2) Freeform, non-linear gameplay. Complete the main quest at your own pace, or ignore it entirely

3) Open skill tree for maximum character customization

4) Materials-based item crafting. If it can drop, it can be crafted

5) Quests are different every time you play (dynamic, scripted procedural quests)

The Wants:

6) Dynamic gameworld that changes based on the player's actions

7) Emergent quests (unscripted quests, see #6)

8) Guilds

9) Crafting mini-game that's short but fun

10) Mutiple main quest endings

11) Potion Crafting

12) Scroll Crafting

13) Pets

14) Allies

15) Diplomacy

16) Mounts and mounted combat

17) Player owned houses and ships

18) Player owned businesses

19) Other 'heroes' that complete quests, sometimes joining you; sometimes fighting you

20) Paperdoll

That's it. I've thought about it for a while and there isn't really anything else I want in a single player RPG.

What about you? What would you want in your dream RPG?

Tuesday, July 22, 2008

Spoils of War: a fantasy TBS Games Retrospective

Back in the fall of 1995, a game caught my eye at my local PC store and after being seduced by the (very colourful) back of the box, I had to have it. That game was Heroes of Might and Magic, a game that consumed countless hours of my early twenties, a time when I should have been out either getting laid or getting a career. Instead I was gleefully stomping around the world of Enroth with Kastore and Yog and all the other Heroes, pretending to be bad-ass. Nerd Power!

Around the same time I also discovered Warlords II Deluxe, a game with similar gameplay and setting but very different execution than Heroes. The game maps in Warlords weren't as busy as those in Heroes but there were more cities and more armies and there were ruins. Oh how I loved sending my hero into ruins and hoping madly that he wouldn't die at the hands of some Troll, Spectre or worst of all, Dragon.

Between the Heroes and Warlords series those years were a full, rich oyster of fantasy gaming goodness.
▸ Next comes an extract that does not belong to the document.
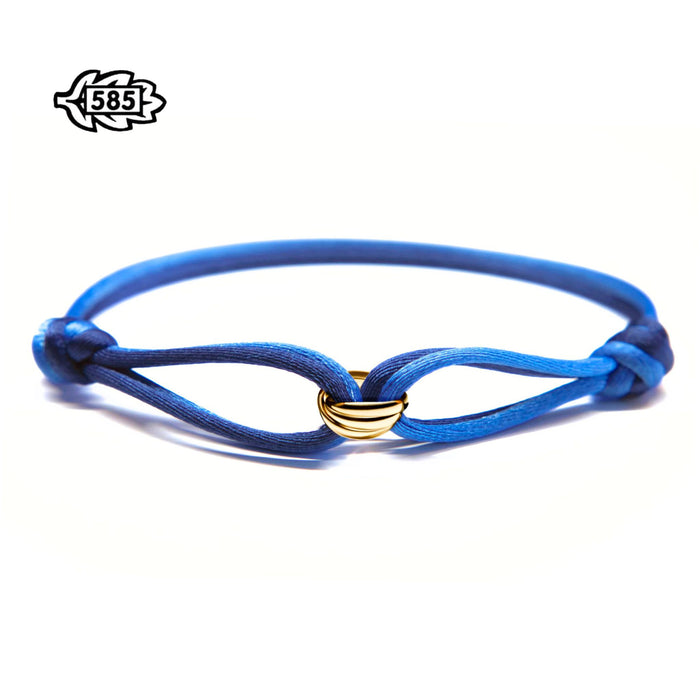 14K Tricolor Double Knotted Gelbgold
Oddly though, both game series had a surprising flaw. The combat was terrible. Searching ruins, collecting loot, and crushing enemies was great, but the actual moments of combat were tremedously boring. Often it seemed to devolve more into a game of luck than real strategy.

Then 1999 happened, and the game Disciples: Sacred Lands came along and resurrected the fun. The combat in Disciples was (and still is) the best comabt in a turn-based strategy game, ever. Instead of the uncontrollable randomness of Warlords or the tedious epic battles of Heroes, Disciples pitted a small squads of single units against each other in a brilliant chess-like mini-game where every choice could lead to death or victory.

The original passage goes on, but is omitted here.